Wow! Those are awesome pictures and they are beautiful birds! Every time I see those I feel like I want to have pets like that, but then I remember the many pigeons that got killed with their hands and I am at pain again. It is as if I am in the middle of a rubber band being pulled on both sides of love and hate.

Last year my total loss was about 1/3 of my total number of pigeons. The hawks got 3 for every 9 pigeons I have.

Nevertheless, that was talented photography if I may add.


----------



## luckyloft (Oct 21, 2006)

I let my birds out today because they seems fine after the hawk episode yesterday, all came back in but one and you guessed it a hawk was after him.Not the same hawk ,The pigeon was holding his on so I hope he makes it back soon!Renee the cock bird is doing fine hes already showing off and making himself known.Ive introduced him to a hen and he is very interested! jeff


----------



## RodSD (Oct 24, 2008)

luckyloft,

In my experience if a hawk attacks my birds today and not successful it will come back the next day to try again so I lock down. I proved this to myself by waiting for that hawk at that particular time I released my bird and usually the hawk is waiting there somewhere. It usually goes away after that. It is a battle of wit and timing.
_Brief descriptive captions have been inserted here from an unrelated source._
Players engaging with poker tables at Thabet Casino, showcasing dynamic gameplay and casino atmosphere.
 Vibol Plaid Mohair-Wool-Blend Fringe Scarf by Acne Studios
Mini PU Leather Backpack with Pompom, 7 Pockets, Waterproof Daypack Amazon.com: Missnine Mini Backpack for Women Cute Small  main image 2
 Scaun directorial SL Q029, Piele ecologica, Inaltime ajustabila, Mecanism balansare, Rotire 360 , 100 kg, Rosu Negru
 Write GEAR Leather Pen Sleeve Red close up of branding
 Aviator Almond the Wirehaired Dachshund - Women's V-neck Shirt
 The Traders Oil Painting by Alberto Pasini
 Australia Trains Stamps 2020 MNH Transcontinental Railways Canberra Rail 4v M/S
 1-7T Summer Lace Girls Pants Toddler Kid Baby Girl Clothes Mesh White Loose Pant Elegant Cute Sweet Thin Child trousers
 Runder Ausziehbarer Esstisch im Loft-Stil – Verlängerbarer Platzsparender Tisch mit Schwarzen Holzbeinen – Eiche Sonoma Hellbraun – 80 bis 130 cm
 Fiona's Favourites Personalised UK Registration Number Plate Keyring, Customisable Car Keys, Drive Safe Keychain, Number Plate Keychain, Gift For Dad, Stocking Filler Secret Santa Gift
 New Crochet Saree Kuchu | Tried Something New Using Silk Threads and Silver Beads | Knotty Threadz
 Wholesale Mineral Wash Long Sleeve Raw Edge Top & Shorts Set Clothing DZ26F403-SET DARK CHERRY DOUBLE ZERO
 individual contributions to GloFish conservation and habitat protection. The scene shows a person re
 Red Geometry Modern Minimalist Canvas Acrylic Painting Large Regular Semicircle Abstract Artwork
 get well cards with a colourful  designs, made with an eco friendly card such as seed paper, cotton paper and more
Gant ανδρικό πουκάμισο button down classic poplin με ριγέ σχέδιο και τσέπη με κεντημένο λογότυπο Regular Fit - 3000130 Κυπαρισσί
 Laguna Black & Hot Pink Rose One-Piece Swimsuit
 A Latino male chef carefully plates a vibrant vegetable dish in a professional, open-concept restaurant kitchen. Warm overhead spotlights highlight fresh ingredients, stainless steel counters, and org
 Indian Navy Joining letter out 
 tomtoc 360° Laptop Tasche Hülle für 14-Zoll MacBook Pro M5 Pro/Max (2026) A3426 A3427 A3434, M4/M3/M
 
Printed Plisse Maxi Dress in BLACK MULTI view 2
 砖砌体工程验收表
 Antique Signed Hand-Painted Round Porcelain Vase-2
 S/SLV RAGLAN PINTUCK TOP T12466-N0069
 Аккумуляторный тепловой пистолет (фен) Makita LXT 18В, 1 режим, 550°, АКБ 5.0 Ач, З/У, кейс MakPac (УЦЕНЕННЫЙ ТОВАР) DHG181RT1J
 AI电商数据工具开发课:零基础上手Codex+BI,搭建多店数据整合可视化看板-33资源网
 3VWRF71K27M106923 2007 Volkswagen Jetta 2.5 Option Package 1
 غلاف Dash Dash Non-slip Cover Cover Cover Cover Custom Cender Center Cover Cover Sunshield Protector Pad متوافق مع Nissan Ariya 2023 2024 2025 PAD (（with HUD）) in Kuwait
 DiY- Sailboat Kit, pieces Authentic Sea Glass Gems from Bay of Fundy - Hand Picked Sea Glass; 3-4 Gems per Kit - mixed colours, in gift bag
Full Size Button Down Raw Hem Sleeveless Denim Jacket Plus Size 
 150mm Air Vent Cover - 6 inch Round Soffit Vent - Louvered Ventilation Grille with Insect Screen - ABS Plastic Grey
I hope your bird makes it. If the bird doesn't come back in the next 1 or 4 days, it probably got injured/eaten. Sometimes they will spend one night, then they return. I call that "hiding."


----------



## MaryOfExeter (Sep 30, 2007)

We mostly have problems with Coopers, since they live in the woods. Sharp shins are a problem too, if the Coopers don't run them off first. Sharp shins can kill pigeons, especially the smaller ones, but they won't be able to carry it off. They look like clones of Coopers as you can see, but one key difference is Coopers have rounded tails and Sharp Shins have wedge or squared off tails. 
Red tails aren't so much of a problem since they have a very hard time catching anything unless they're in a field with enough room to attack and escape. We've also got some Red shouldered hawks.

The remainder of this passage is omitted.